MSNBC Anchor Corrects Correspondent on Immigration Terminology
MSNBC anchor Alex Witt corrected correspondent Priya Sridhar live on-air after she used the term "illegal aliens" instead of "undocumented immigrants" during a report.
MSNBC correspondent Priya Sridhar was corrected on-air by network anchor Alex Witt on Sunday after using the term illegal aliens instead of undocumented immigrants.
Sridhar reported on active-duty troops being sent to El Paso, Texas to block illegal border crossings and assist in arresting and deporting illegal immigrants. During her segment on Alex Witt Reports, she shifted to a report on the Drug Enforcement Administration (DEA) taking nearly 50 illegal immigrants into custody in Colorado.

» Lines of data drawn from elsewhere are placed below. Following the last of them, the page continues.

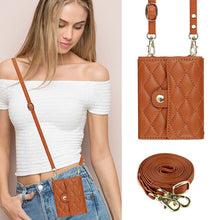 Charger l'image dans la galerie, Casekis Crossbody Cardholder Phone Case For Galaxy Z Flip 5 Brown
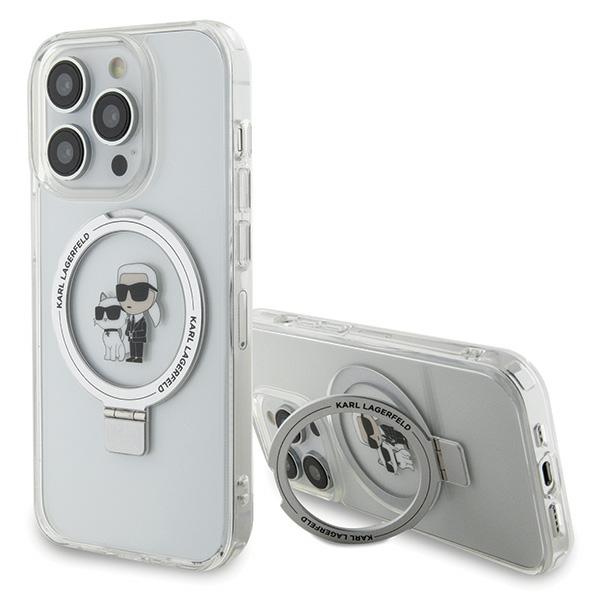 Karl Lagerfeld KLHMP13XHMRSKCH iPhone 13 Pro Max 6.7″ baltos spalvos kietas dėklas su žiedu-stovu Karl&Choupettte aprašymas - Prekės nuotrauka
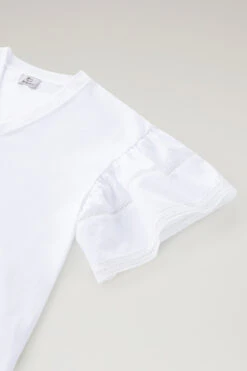 Woolrich T-shirt Lakeside In Puro Cotone Con Maniche A Palloncino - Donna - Bianco 16 Woolrich T-shirt Lakeside In Puro Cotone Con Maniche A Palloncino - Donna - Bianco -Offerta Economica Vestiario CFWWTE0076FRUT3397 8041 6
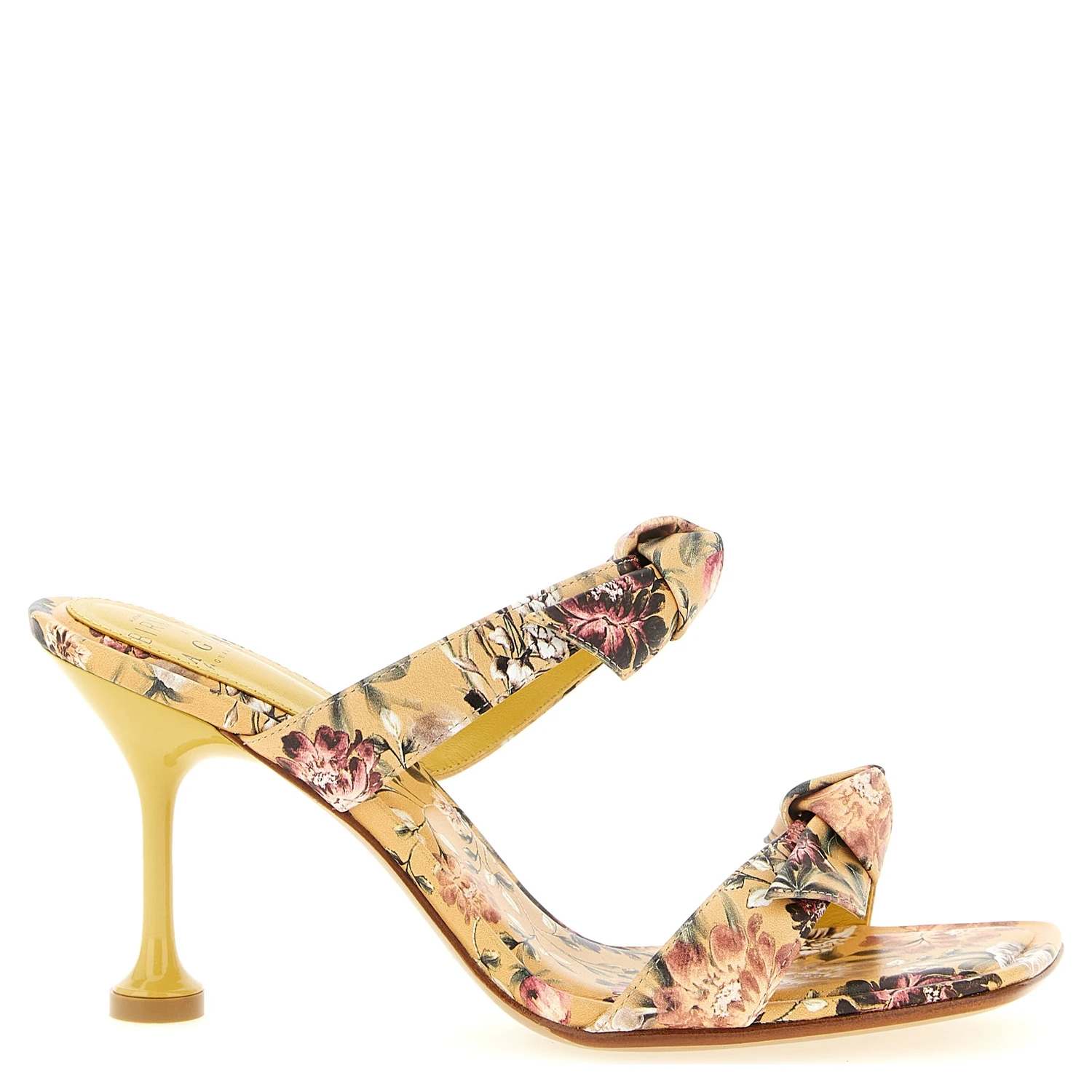 Bicolor Cowhide Stiletto Heel Sandals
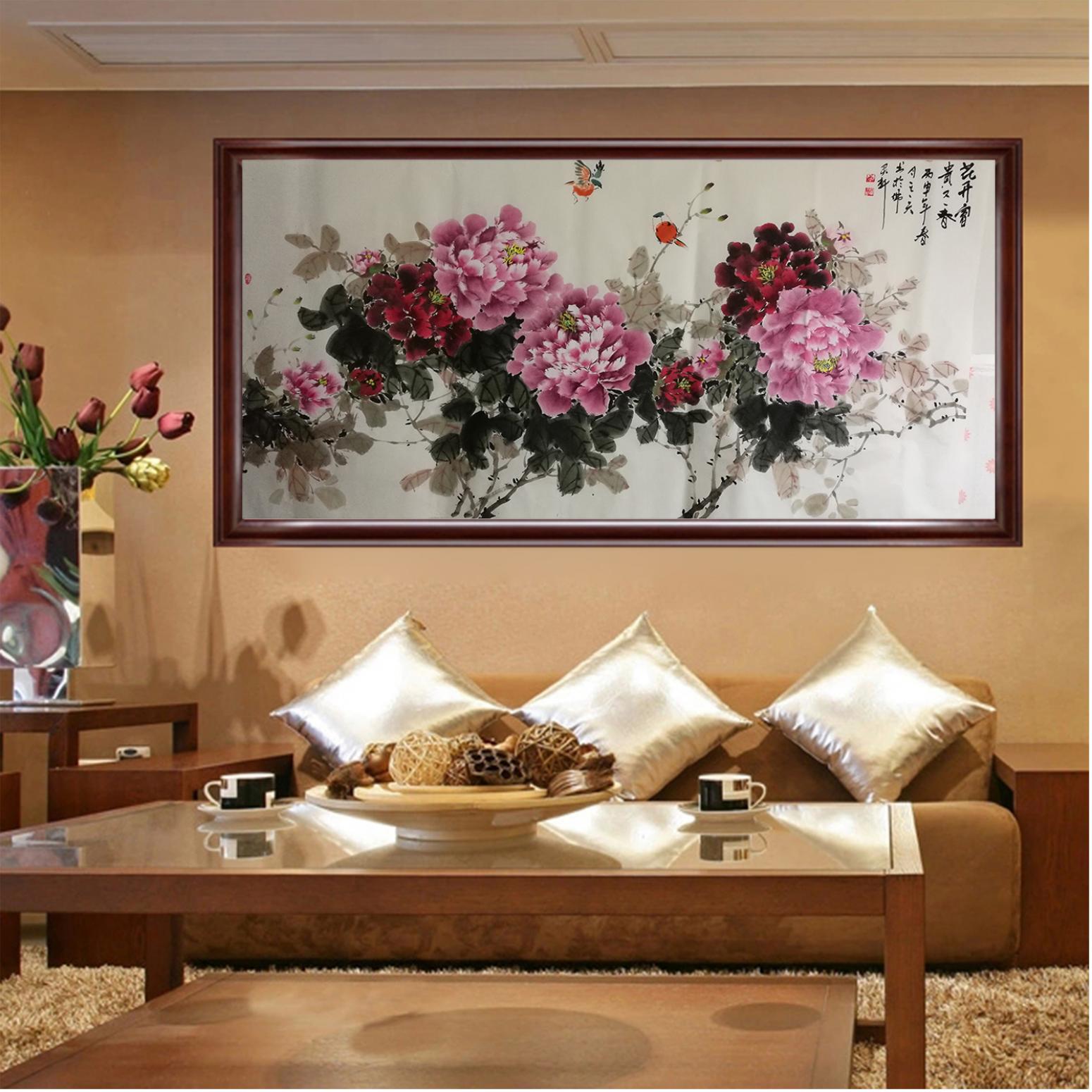 王长泉国画作品《花开富贵》【图3】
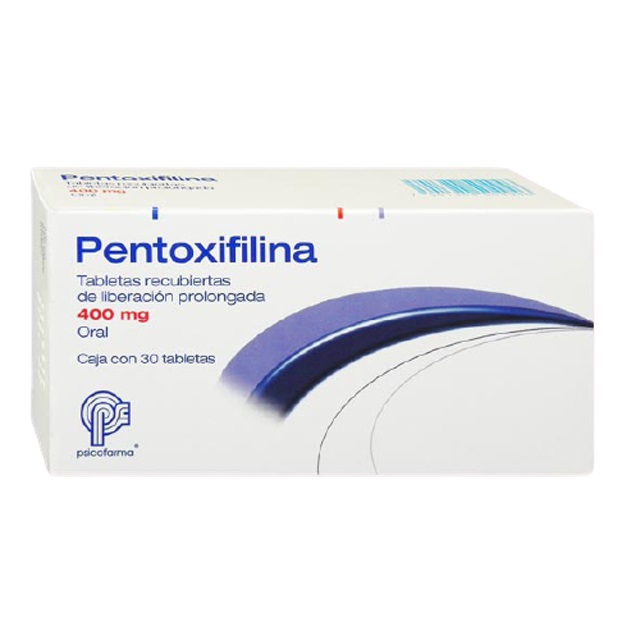 PENTOXIFLINA 400MG X 30 TABLETAS ALFA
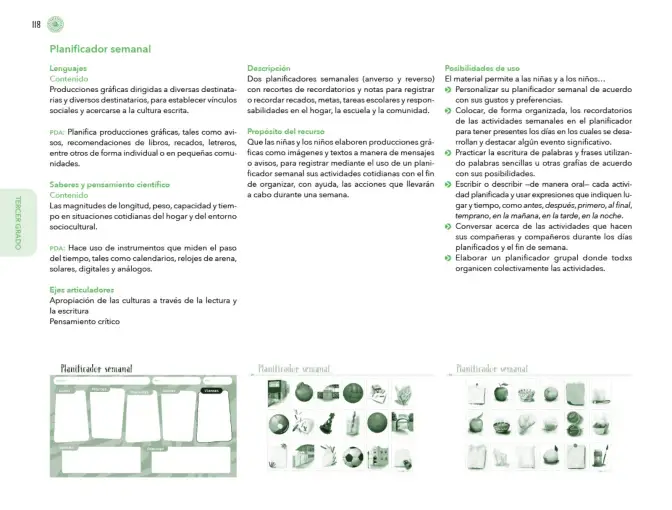 Página 119 de Posibilidades de trabajo para la acción transformadora y el codiseño. Ficheros. Fase 2 Libro de Educación Preescolar Grado 1°, 2°, 3° Ciclo Escolar 2025 - 2026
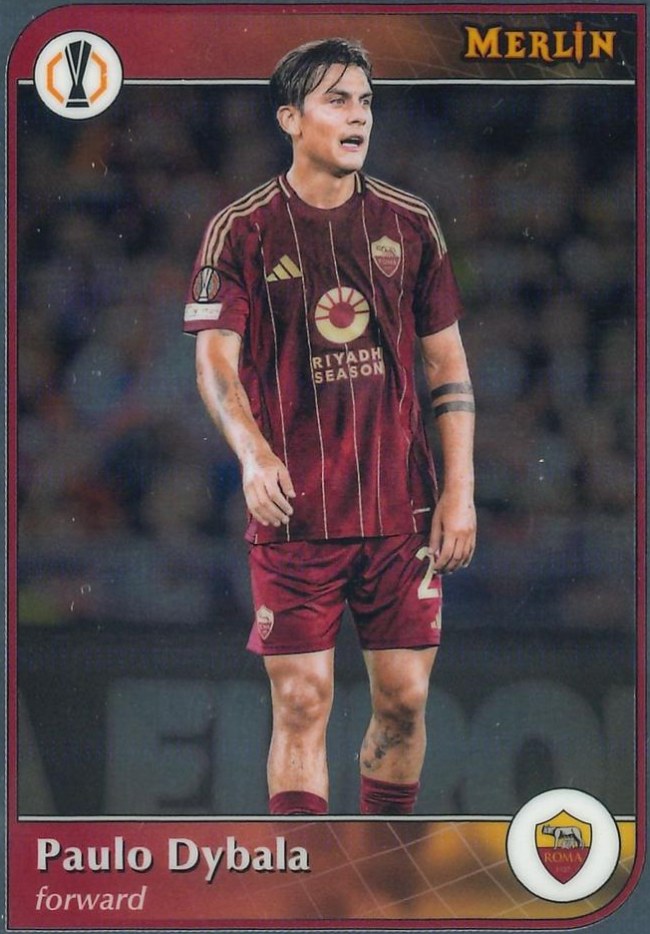 Paulo Dybala 2024 Topps Merlin UEFA Club Competitions
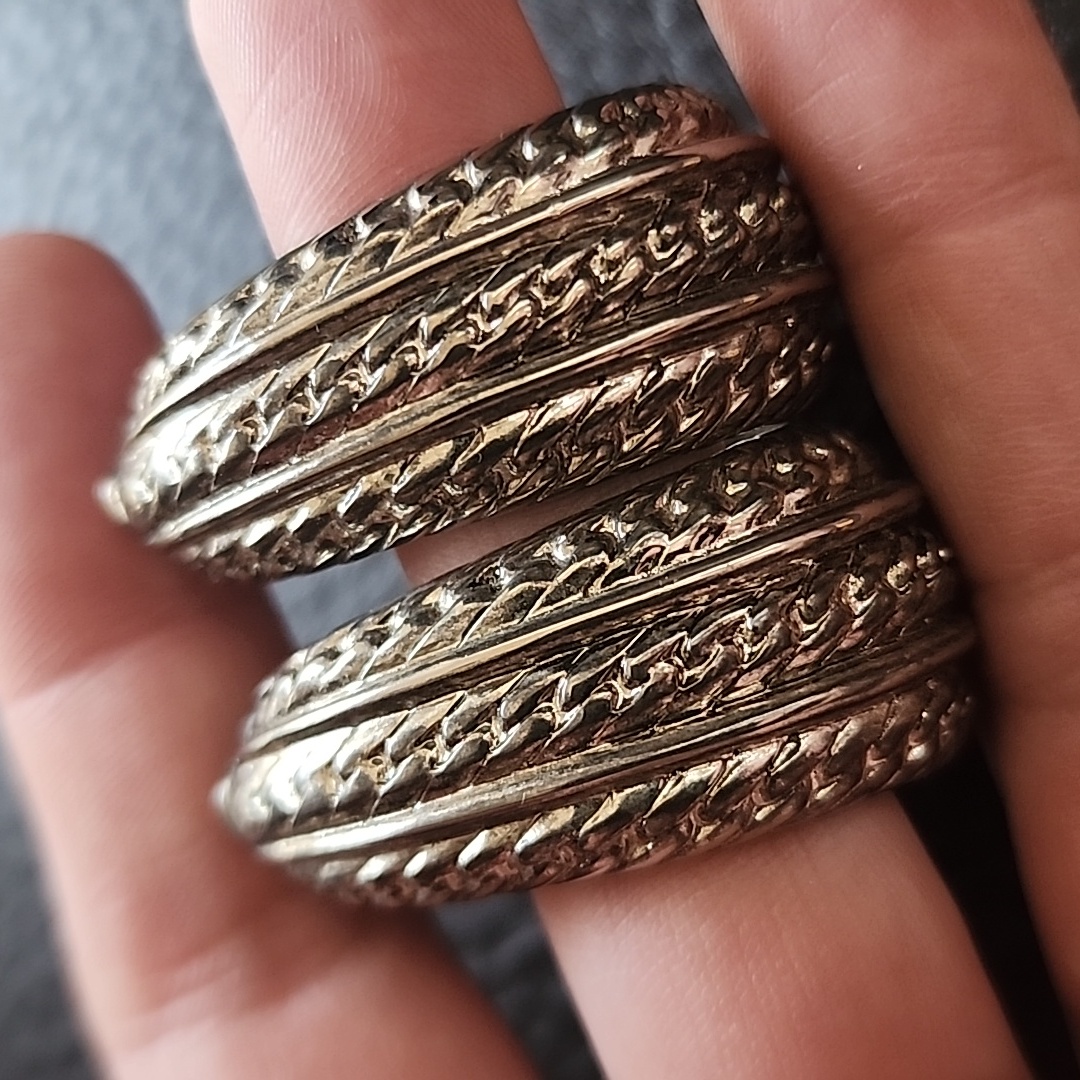 Vtg Erwin Pearl Clip On Earrings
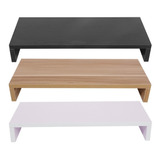 Suporte Monitor Mesa Madeira Mdf  60 Cm  Varias Opções Cores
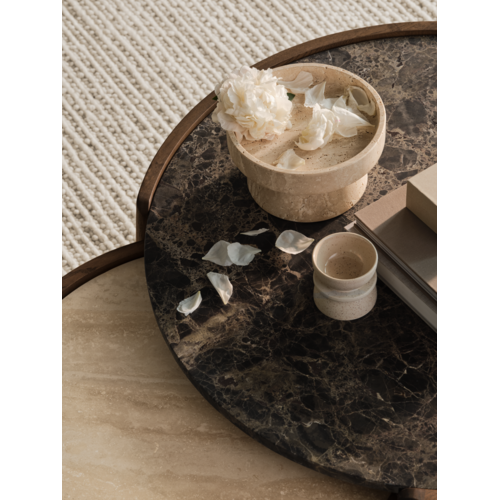 Bolia Mix salontafel ovaal eik natuur geolied bruin marmer L 95 x B 61 x H35 Bolia Mix salontafel ovaal eik natuur geolied bruin marmer L 95 x B 61 x H35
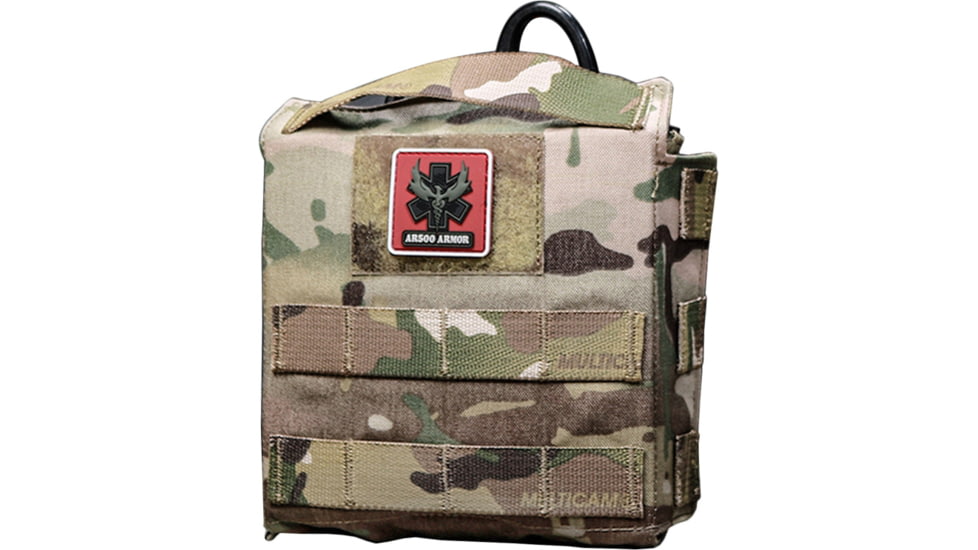 AR500 Armor Quick Detachment and Deployable IFAK Pouch w/ Medical kit, Multicam, 9673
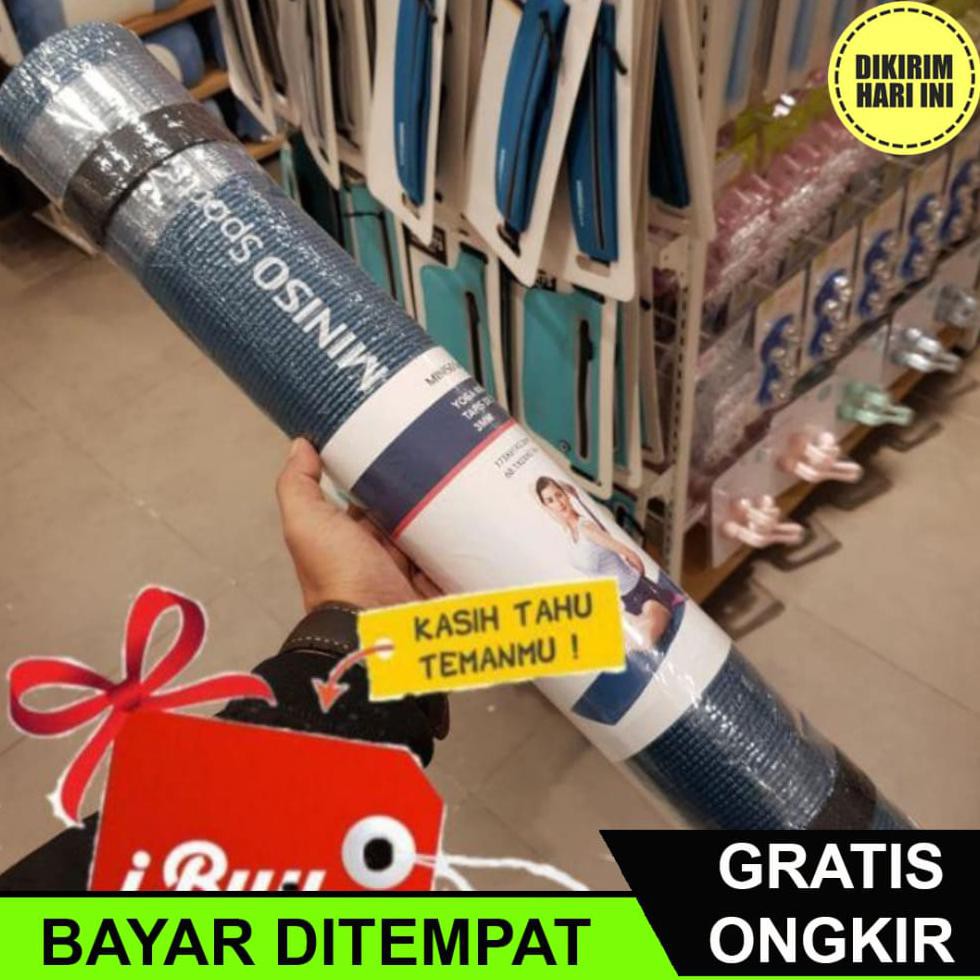 Thảm Tập Yoga Dày 0.3cm Cc4398 Miniso 173cm X L 61cm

"I want you guys to take a look at this video that we saw just this morning from the DEA, ATF, and Homeland Security investigators out of the Rocky Mountain Field Division in Colorado," Sridhar said. "There you can see a raid that was conducted this morning. They say that they were targeting a Venezuelan gang, and they were able to see cash, seize cash, weapons and actually made an arrest of 50 illegal aliens right there, Alex."
"Yes, we call them undocumented immigrants," Witt responded. "But that, again, was in the release from the DEA. Okay. Thank you very much, Priya, for that from El Paso."
A similar instance happened on MSNBC in June when MSNBC host Symone Sanders-Townsend corrected her co-host Michael Steele on-air after Steele used the term illegal immigrants.
"I want to be clear," Sanders-Townsend told Steele. "We don't use the term 'illegal.' Undocumented individuals."
Within the first day of the Trump administration, Immigration and Customs Enforcement (ICE) made more than 460 arrests of illegal immigrants, including those with criminal histories that include sexual assault, domestic violence, and drug and weapons crimes.
Multiple Department of Homeland Security sources also told Fox News Digital that the number of Border Patrol encounters at the southern border in the first three days of the Trump administration was 35% lower than the final three days of the Biden administration.
In the final three days of the Biden administration, there were 3,908 encounters in total. In the first three days of the Trump administration, there were 2,523 encounters.
These actions followed President Donald Trump declaring a national emergency on the border, launching a massive deportation operation across several cities and states.